Notes on Spatial Data and Representation in the Humanities in a Rapidly Changing Digital Environment

This project seeks to convey spatial data on the internet in a manner that updates the traditional form of the atlas. As a compendium of maps arranged geographically or thematically, and often bound in a book or codex, an atlas represents the promise of presentation of spatial information at a variety of scales but with a consistent narrative: even though one may delve to the microscale, one still retains the feeling that a hand has shaped the narrative pathway down to the particular small scale map, and that it is included for a reason. This project seeks to take that spatial-narrative structure and update it to provide an alternative take on the proliferation of "digital humanities" projects that display spatial data and ask the viewer to reach her own conclusions. Instead, this project does away with the seeming default anonymity of the internet to reintroduce the apparent hand of the author who provides guidance in the interpretation of the mountain of data.
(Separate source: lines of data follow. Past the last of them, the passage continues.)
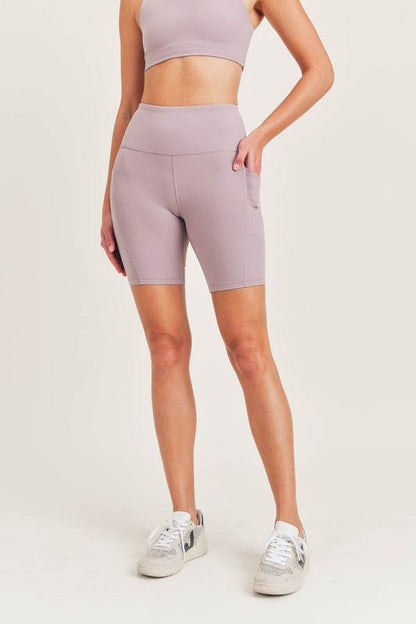 Bronze - TACTEL-Lycra High-Impact Biker Shorts - KOKOTETE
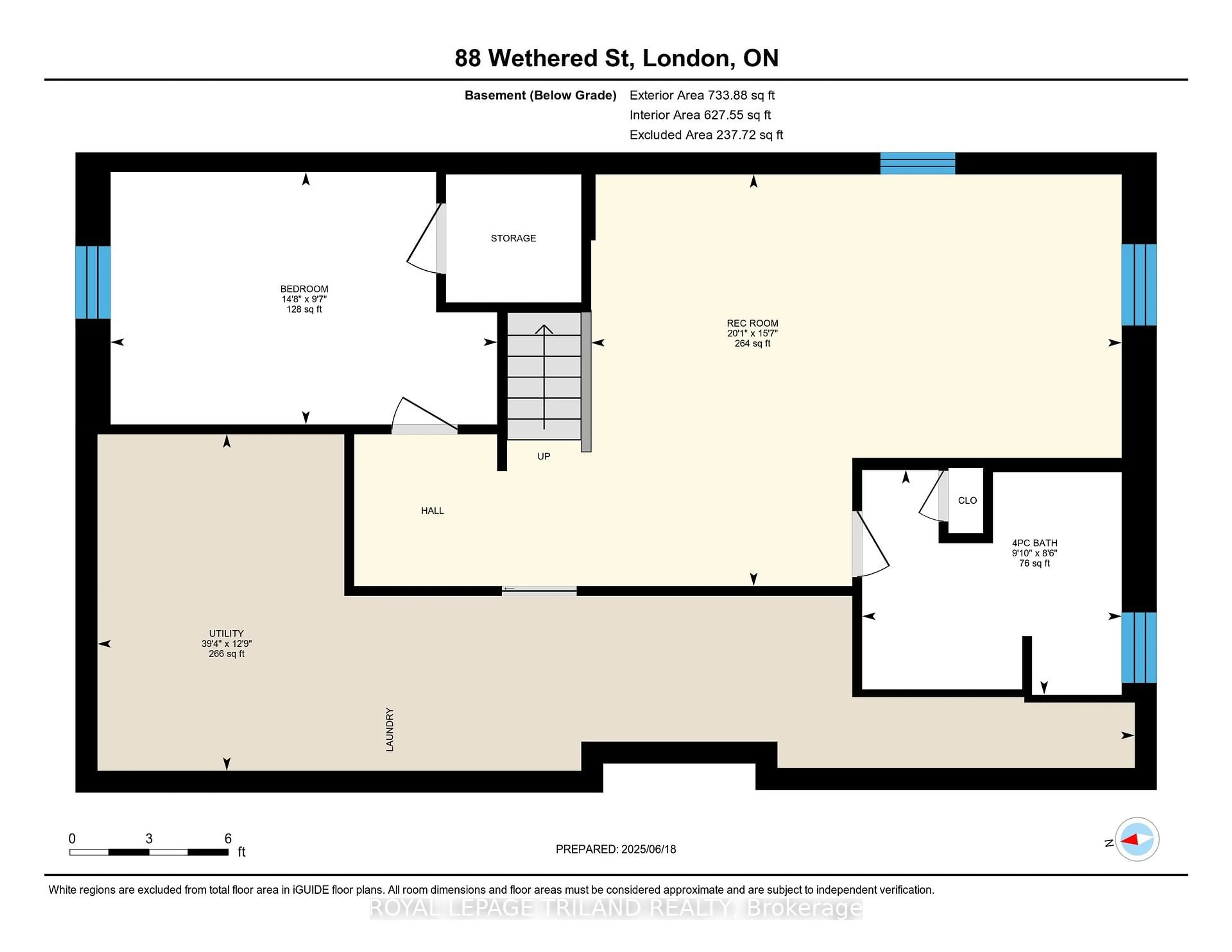 Floor plan for 88 Wethered St, London East Ontario N5Y 1H3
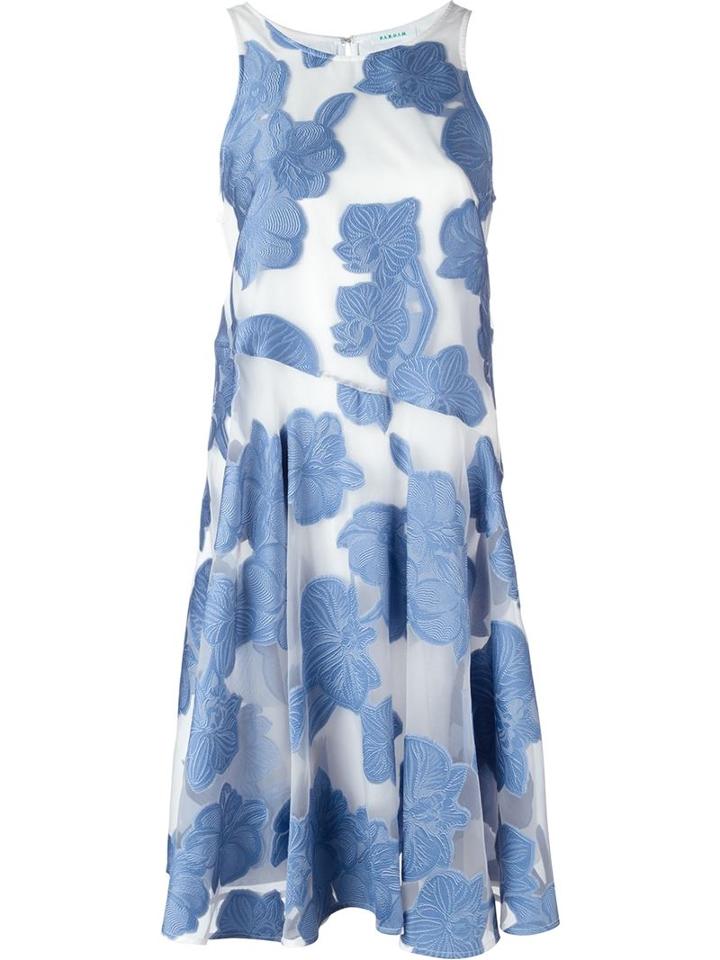 P.a.r.o.s.h. Paramore Dress, Women's, Size: M, Blue, Silk/cotton/polyamide/polyester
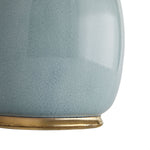 Arlington Lamp, Celadon, Gold Porcelain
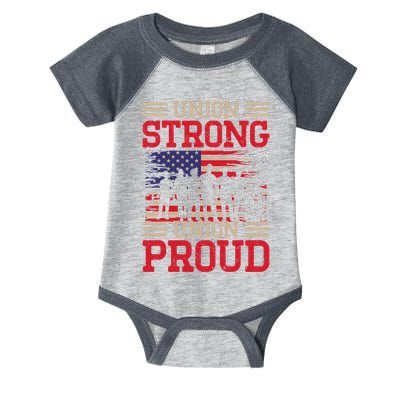 Union Laborer Union Strong Labor Union Worker Union Infant Baby Jersey Bodysuit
The atlas was conceived of as an instrument to aid in outreach from Dumbarton Oaks to the surrounding community. With an audience of high school students and nonspecialist public in mind, the atlas is meant to be a resource that would provide insight into the way in which water, and the infrastructure that deals with water, shaped various aspects of the design and development of the City of Washington, and the region around the District of Columbia. Primarily a graphic resource, early on in the research and design of the project I realized that text and other kinds of visual material would be a useful augment to the maps themselves. Imagining a tenth grader looking to find material on Rock Creek Park, I envisioned a path through the atlas that would show not only the park boundaries, but begin to make connections to issues of topography and drainage, for example. The path would lead past various connections to other aspects of the city and landscape and end at suggestions of further reading or research (which also happened to be the sources I consulted to make the atlas in the first place). As I gathered data early in the project, I came to realize that my job as cartographer and "digital historian" was to carve these pathways into the historical maps and data, and my tools would be drawing and curating.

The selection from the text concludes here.